Excerpted records.
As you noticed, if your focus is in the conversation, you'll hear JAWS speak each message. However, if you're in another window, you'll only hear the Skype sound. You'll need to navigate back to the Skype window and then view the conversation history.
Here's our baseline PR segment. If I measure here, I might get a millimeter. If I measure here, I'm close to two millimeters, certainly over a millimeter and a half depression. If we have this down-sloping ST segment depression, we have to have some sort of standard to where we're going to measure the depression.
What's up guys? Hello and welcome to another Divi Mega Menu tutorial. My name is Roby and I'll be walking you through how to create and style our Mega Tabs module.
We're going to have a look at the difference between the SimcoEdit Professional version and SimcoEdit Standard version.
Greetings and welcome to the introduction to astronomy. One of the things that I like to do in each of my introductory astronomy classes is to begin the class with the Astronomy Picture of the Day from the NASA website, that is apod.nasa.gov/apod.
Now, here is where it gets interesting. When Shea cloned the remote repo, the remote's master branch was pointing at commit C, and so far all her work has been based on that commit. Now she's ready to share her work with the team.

* * *

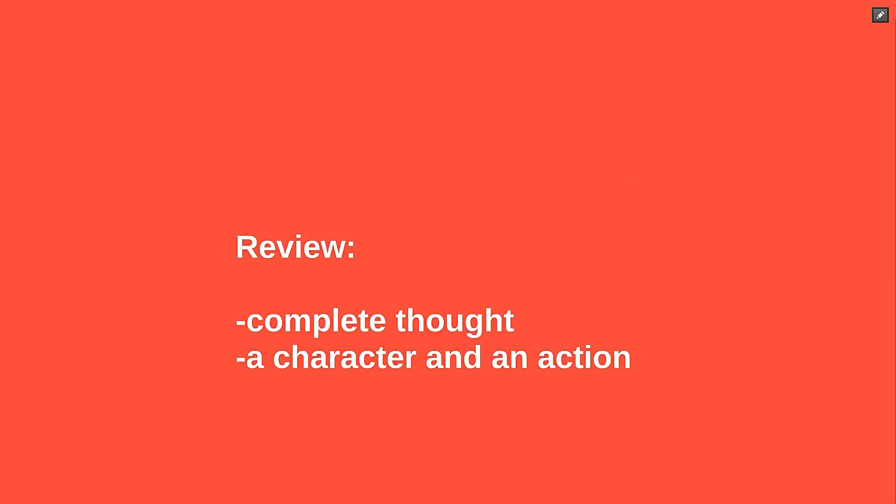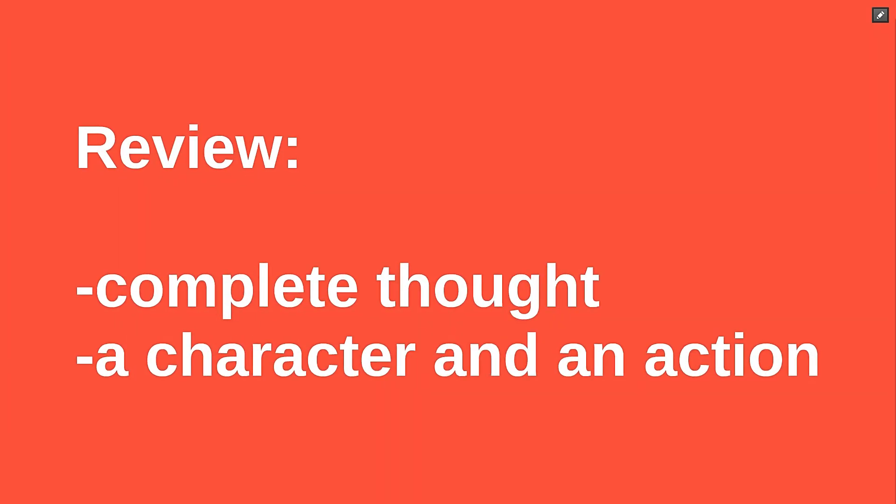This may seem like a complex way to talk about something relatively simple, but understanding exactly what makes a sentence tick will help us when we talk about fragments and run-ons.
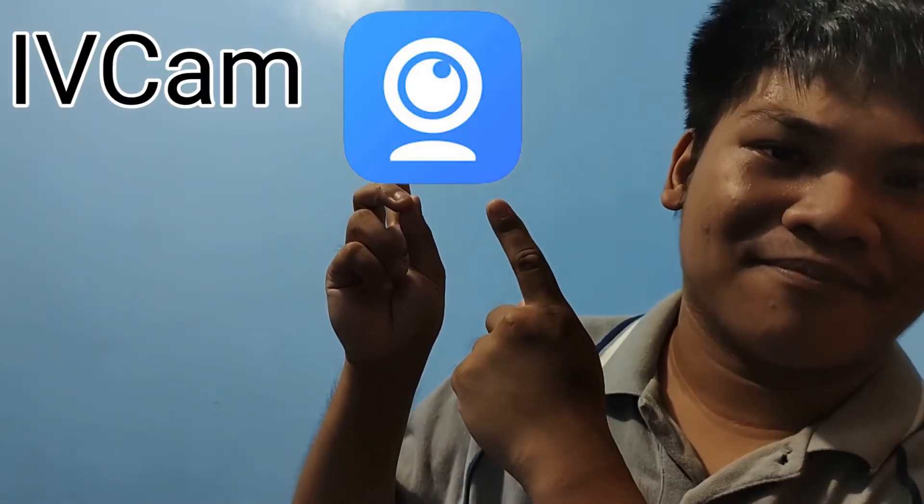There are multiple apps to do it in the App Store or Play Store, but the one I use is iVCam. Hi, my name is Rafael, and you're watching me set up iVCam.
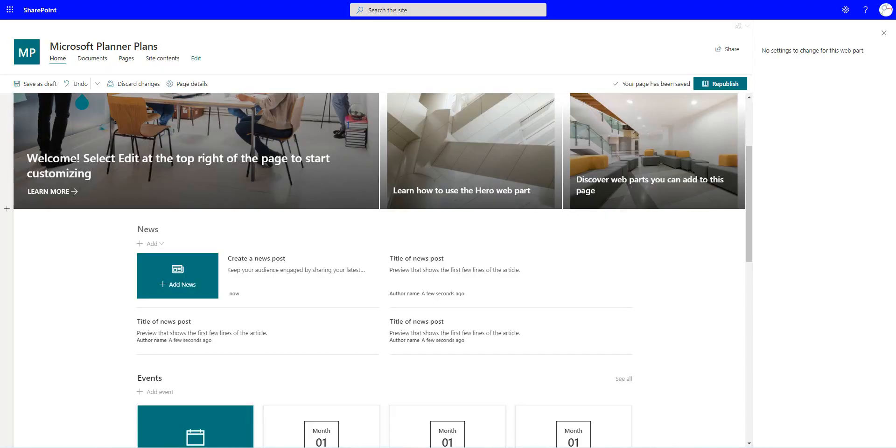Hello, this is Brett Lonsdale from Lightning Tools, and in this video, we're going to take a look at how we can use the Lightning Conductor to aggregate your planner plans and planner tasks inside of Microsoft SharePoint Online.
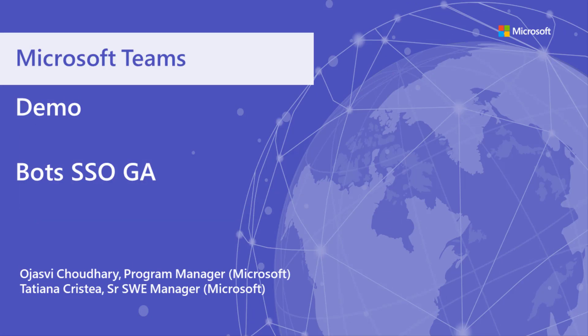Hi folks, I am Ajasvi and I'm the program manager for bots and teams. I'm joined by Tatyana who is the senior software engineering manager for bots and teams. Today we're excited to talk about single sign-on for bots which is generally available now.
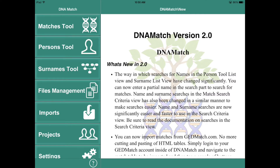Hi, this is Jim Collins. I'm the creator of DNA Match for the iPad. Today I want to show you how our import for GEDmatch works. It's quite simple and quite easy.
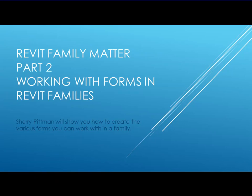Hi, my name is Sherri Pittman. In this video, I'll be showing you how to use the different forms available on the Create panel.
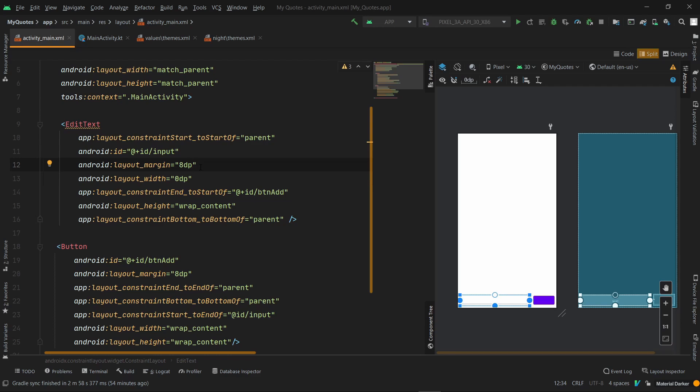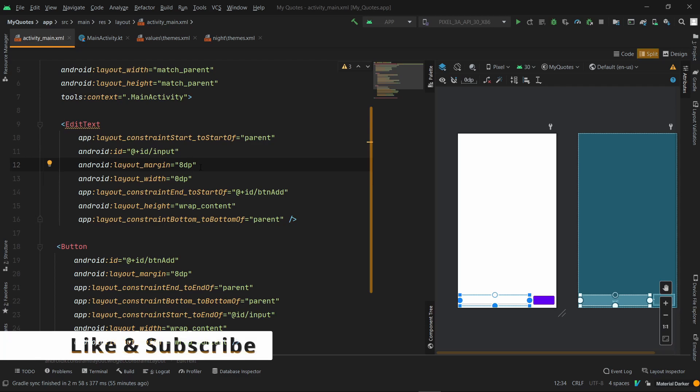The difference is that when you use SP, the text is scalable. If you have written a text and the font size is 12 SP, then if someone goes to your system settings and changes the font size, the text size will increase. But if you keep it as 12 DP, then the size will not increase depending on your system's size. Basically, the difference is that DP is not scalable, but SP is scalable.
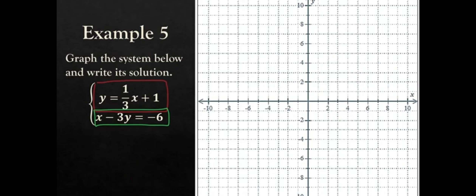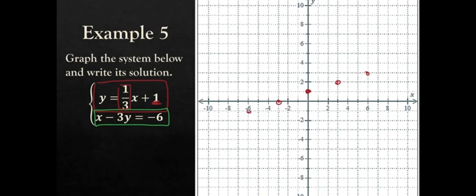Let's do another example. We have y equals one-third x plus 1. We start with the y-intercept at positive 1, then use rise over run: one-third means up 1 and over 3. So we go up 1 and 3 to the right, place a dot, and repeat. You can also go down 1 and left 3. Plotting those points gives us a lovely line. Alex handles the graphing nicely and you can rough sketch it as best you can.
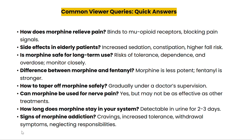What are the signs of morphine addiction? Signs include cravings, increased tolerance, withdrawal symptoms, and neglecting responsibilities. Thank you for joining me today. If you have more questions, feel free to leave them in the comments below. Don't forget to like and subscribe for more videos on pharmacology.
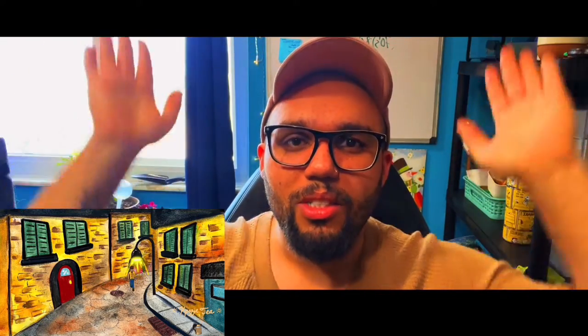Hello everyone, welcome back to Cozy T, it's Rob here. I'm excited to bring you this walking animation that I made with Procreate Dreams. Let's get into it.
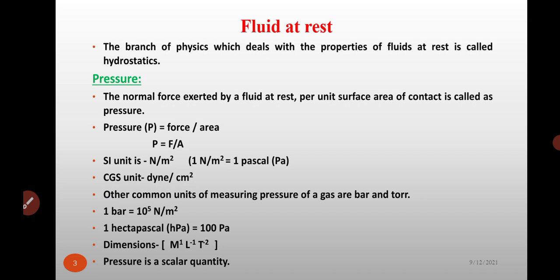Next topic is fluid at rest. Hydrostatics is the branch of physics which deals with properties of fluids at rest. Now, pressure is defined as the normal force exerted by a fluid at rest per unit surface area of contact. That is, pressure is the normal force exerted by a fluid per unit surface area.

==

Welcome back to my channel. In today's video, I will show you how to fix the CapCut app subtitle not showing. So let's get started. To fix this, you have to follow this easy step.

What needs to be done.
Across the entries, how many lines contain "each"? Reply with the number only.

Exercise output.
2